The following example shows how a DCR metric with dimensions appears in Elasticsearch. Dimensions are mapped to data point attributes:

		{
  "@timestamp": "2025-11-18T12:47:00.000Z",
  "data_stream": {
    "type": "metrics",
    "dataset": "generic.otel",
    "namespace": "default"
  },
  "name": "kube_pod_status_ready_count",
  "unit": "Count",
  "gauge": {
    "value": 1.0
  },
  "attributes": {
    "condition": "unknown",
    "namespace": "kube-system",
    "pod": "prometheus-kube-state-metrics-55f8b5d87b-rv5ts"
  },
  "resource": {
    "attributes": {
      "cloud.provider": "azure",
      "cloud.resource_id": "/subscriptions/12cabcb4-86e8-404f-a3d2-1dc9982f45ca/resourceGroups/mkatsoulis/providers/Microsoft.ContainerService/managedClusters/mkatsoulis-cluster",
      "azure.eventhub.name": "metrics",
      "azure.eventhub.consumer.group": "ecf",
      "azure.eventhub.namespace": "mbranca-2025-11-04.servicebus.windows.net"
    }
  }
}
		
	

Field	Description
`@timestamp`	Timestamp of the aggregation window.
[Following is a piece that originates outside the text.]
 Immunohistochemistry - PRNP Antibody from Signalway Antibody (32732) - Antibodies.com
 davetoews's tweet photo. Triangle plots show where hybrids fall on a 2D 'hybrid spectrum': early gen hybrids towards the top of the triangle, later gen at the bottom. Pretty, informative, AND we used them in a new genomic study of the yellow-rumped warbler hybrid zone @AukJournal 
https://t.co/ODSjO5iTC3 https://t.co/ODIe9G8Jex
`name`	Metric name, derived from the Azure `metricName` — lowercased, with the aggregation type appended (for example, `_total`, `_count`, `_minimum`, `_maximum`, `_average`).
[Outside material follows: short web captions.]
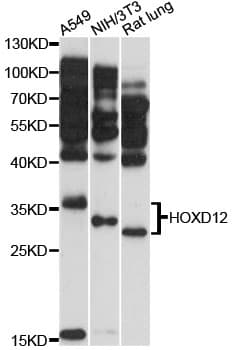 HOXD12 Antibody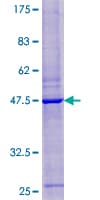 Human ANKRD36 Protein (Recombinant GST)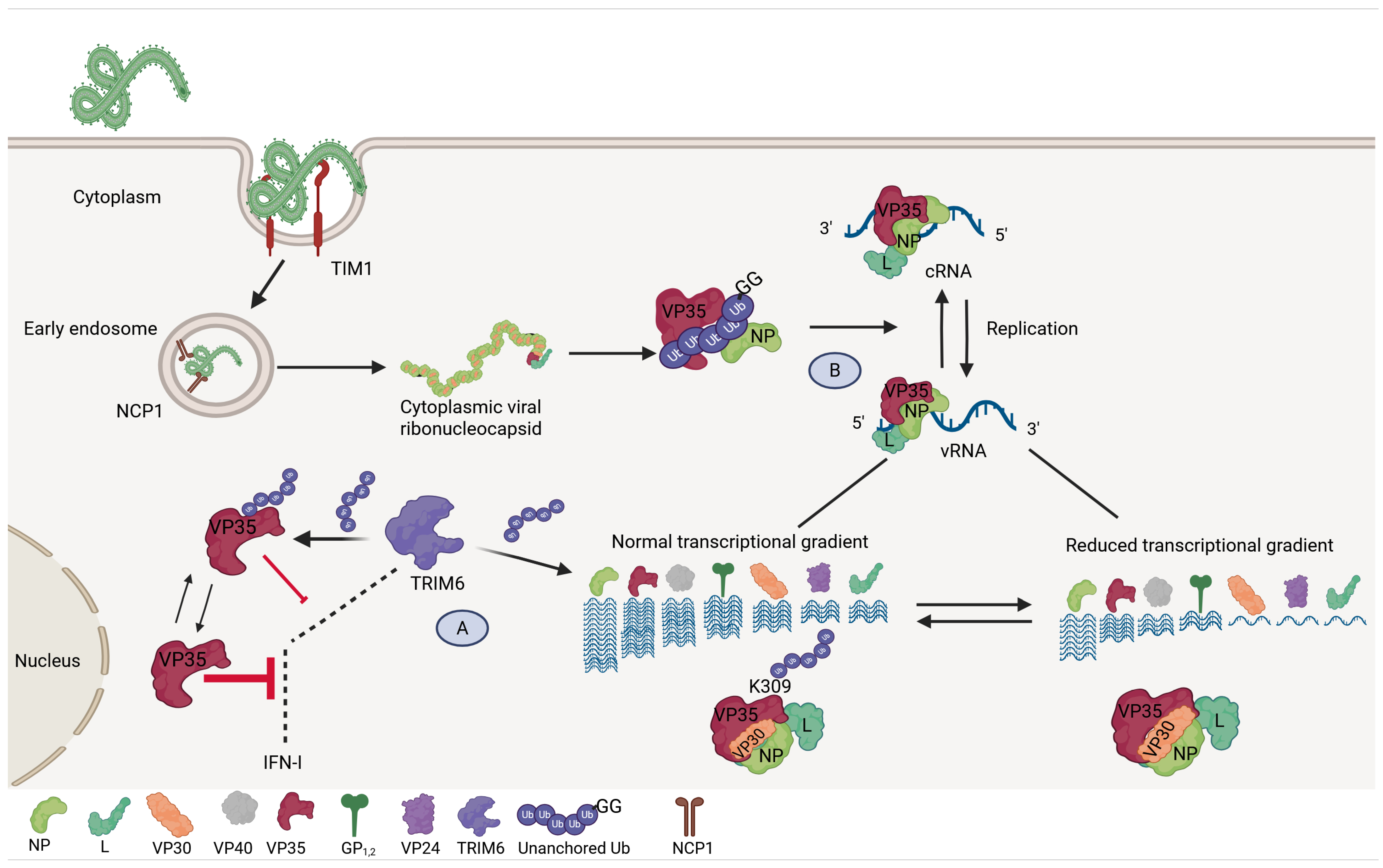 Viruses 17 01640 g003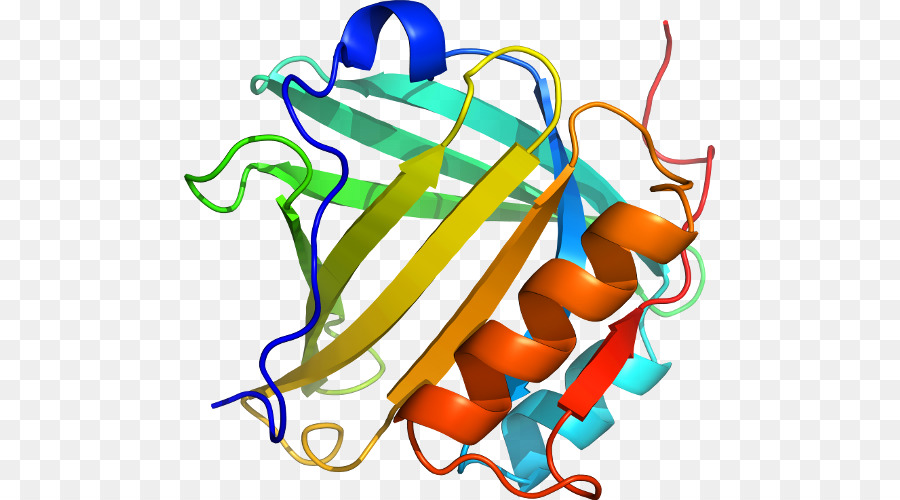 Struktur Protein，Biologi PNG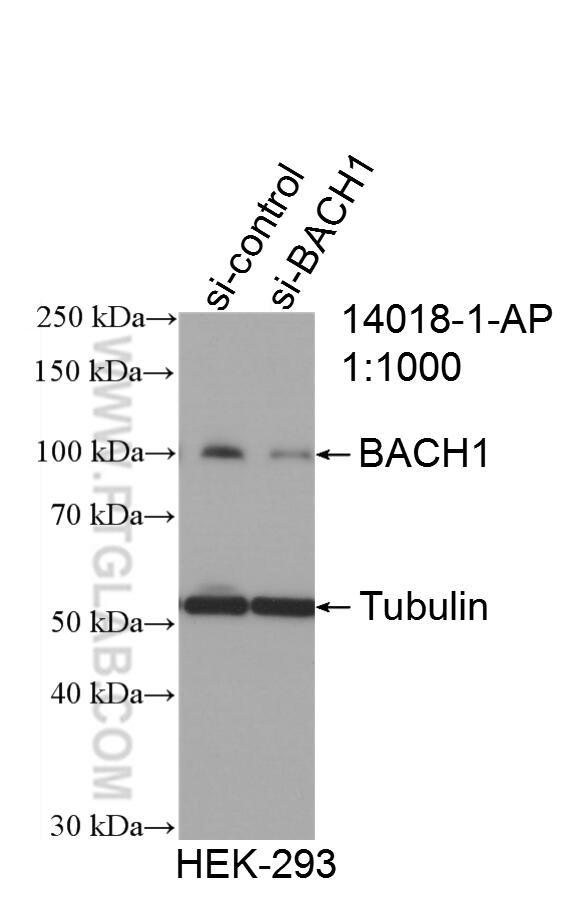 Western Blot (WB) analysis of HEK-293 cells using BACH1 Polyclonal antibody (14018-1-AP)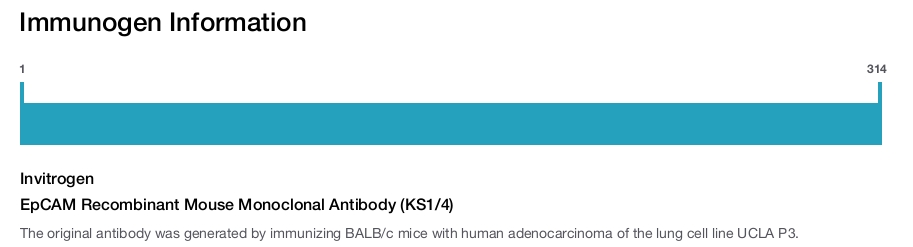EpCAM Recombinant Mouse Monoclonal Antibody (KS1/4)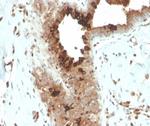 Mammaglobin (SCGB2A2) (Breast Cancer Marker) Antibody in Immunohistochemistry (Paraffin) (IHC (P))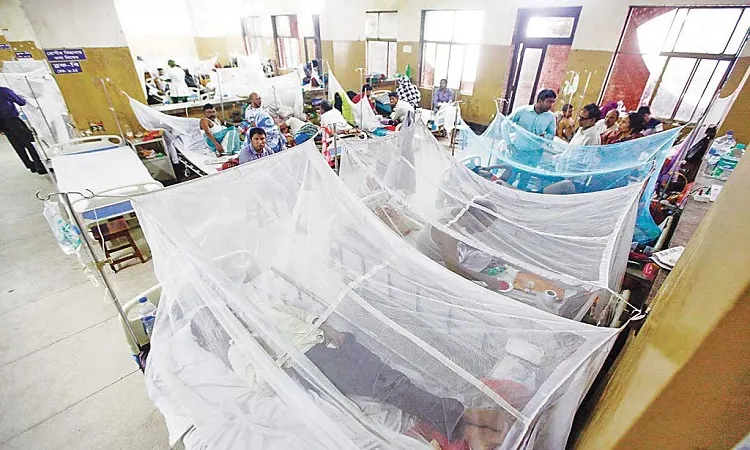 Dengue Menace: 49 new dengue patients hospitalised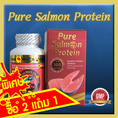 Pure Salmon Protein โปรตีน 100% จากเนื้อปลาแซลม่อนน้ำลึก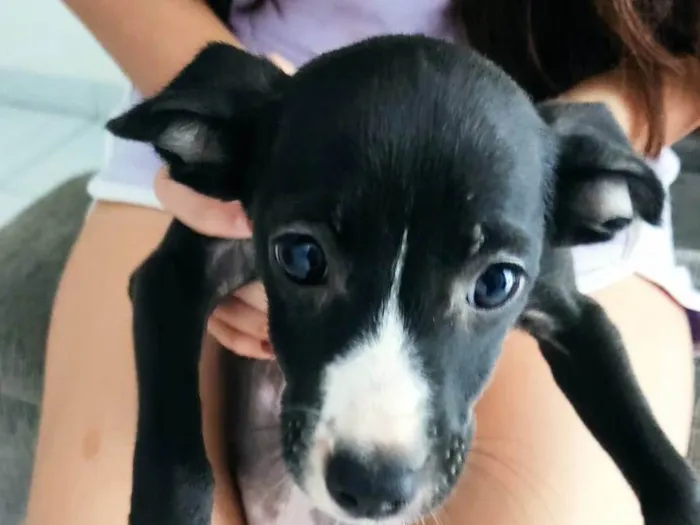 Cachorro ra a SRD-ViraLata idade 2 a 6 meses nome ANA CRISTINA LEITAO DOS SANTOS
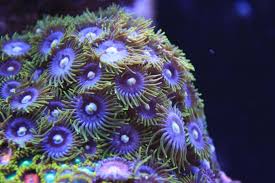 Palytoxin Image1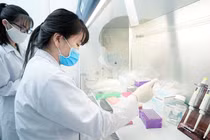 Viện Di truyền Y học xây dựng quy trình sàng lọc 25 bệnh đơn gene cho thai phụ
`gauge.value`	The metric value for this aggregation.
`unit`	Unit of measurement. Only present for DCR metrics.
`attributes.*`	Dimensional attributes from DCR metrics (for example, `condition`, `namespace`, `pod`). Not present for Diagnostic Settings metrics.
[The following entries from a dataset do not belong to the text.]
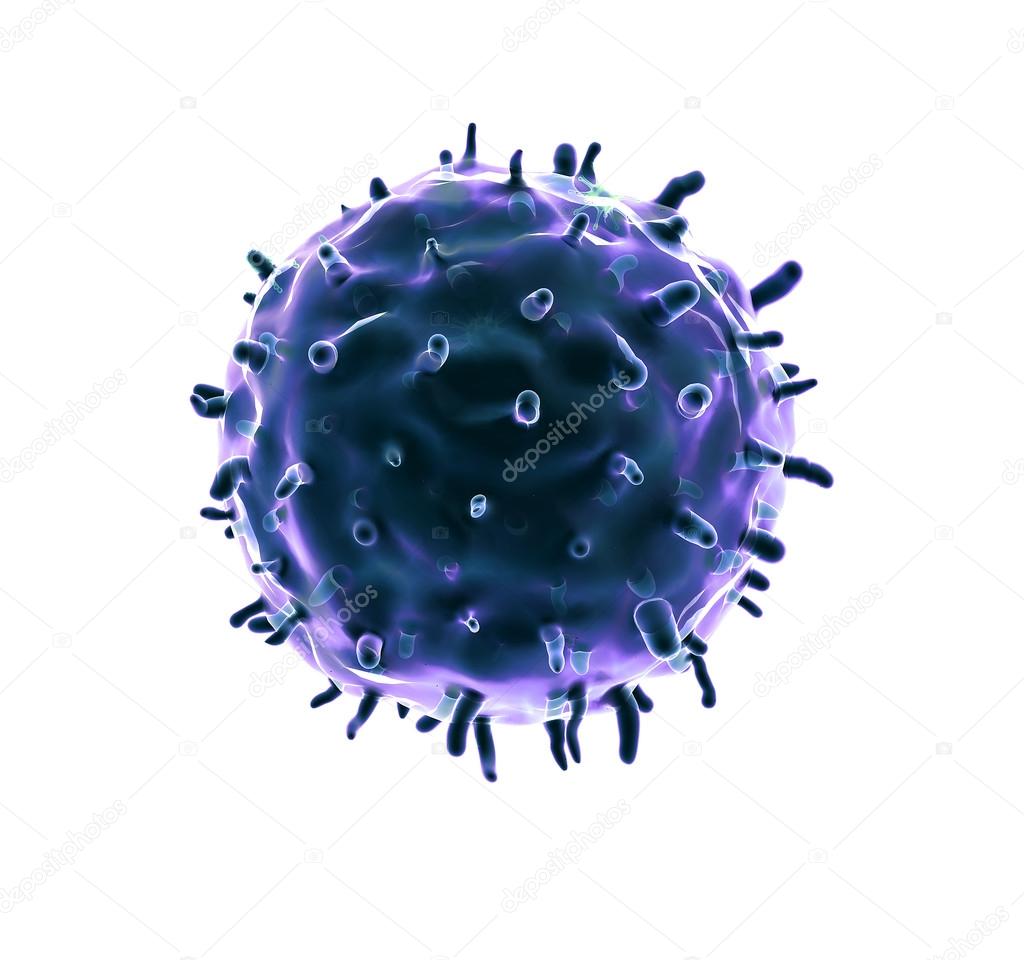 phagocyte on the whhite, coronavirus on the white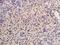Interferon Epsilon antibody, orb157644, Biorbyt, Immunohistochemistry paraffin image 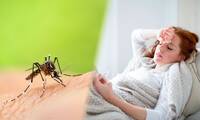 Chikungunya ou dengue - Connaissez-vous les symptômes de ces maladies transmises par les virus ?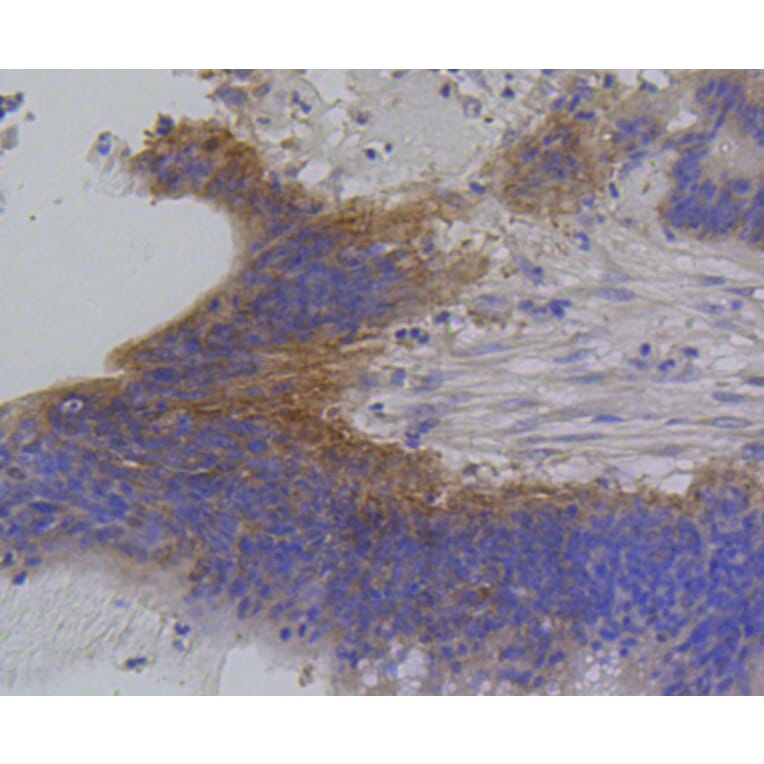 Immunohistochemistry - Anti-IRF1 Antibody (A10927) - Antibodies.com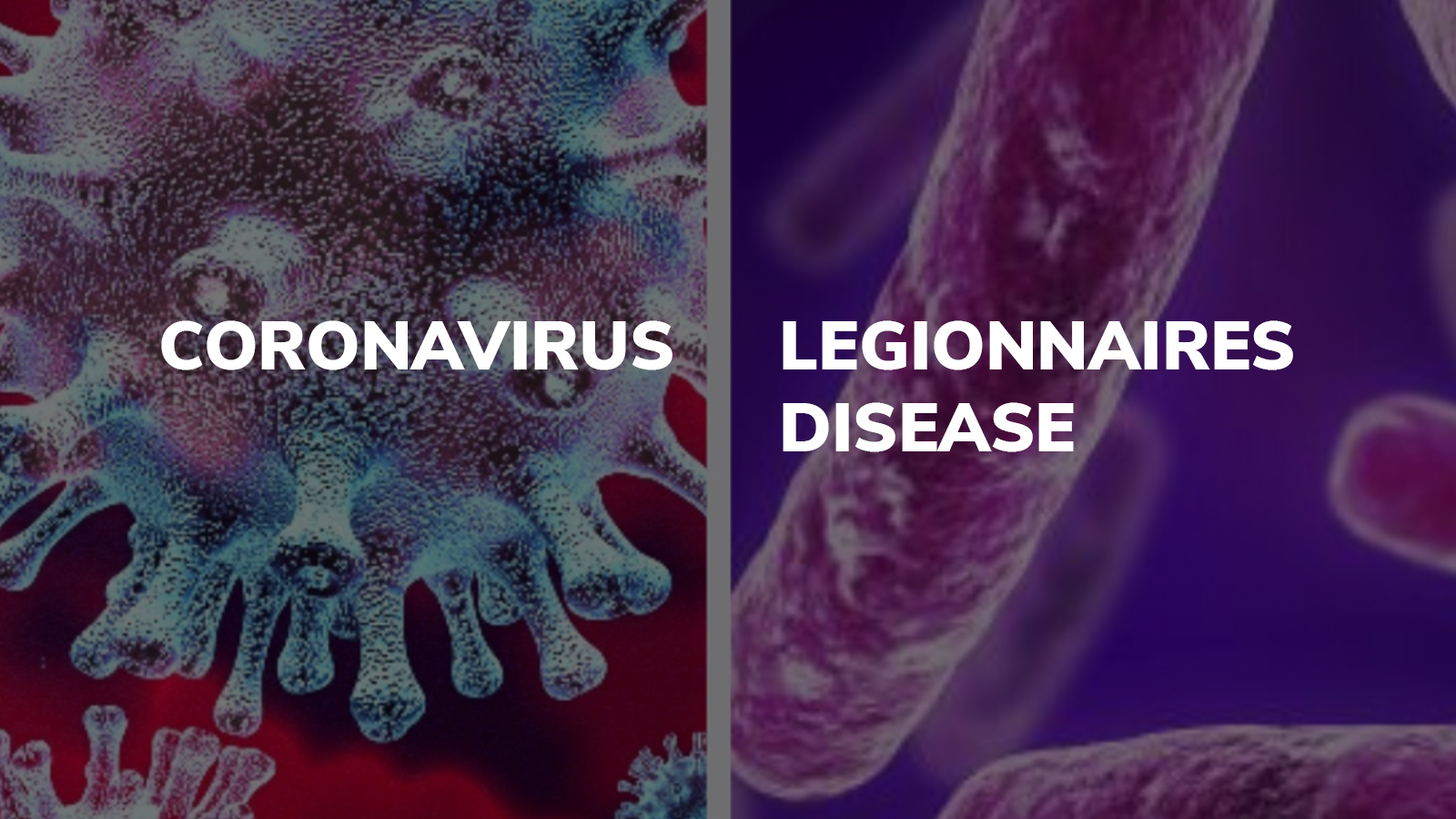 Coronavirus and Legionnares' Disease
`resource.attributes.cloud.provider`	Always `azure`.
`resource.attributes.cloud.resource_id`	Azure Resource Manager ID of the source resource.
`resource.attributes.azure.eventhub.name`	Event Hub name (`metrics`).
`resource.attributes.azure.eventhub.consumer.group`	Consumer group (`ecf`).
`resource.attributes.azure.eventhub.namespace`	Event Hub namespace FQDN.
`data_stream.type`	Always `metrics`.
`data_stream.dataset`	Dataset name (for example, `generic.otel` through Managed OTLP).

Limitations

Diagnostic Settings metrics do not carry dimensions. Use a Data Collection Rule for dimensional breakdowns.
Data Collection Rules can take 20-30 minutes (or more) before they start streaming metrics to the Event Hub.
Failed deliveries are persisted as blobs in the metrics-error-container storage container. Refer to Troubleshooting.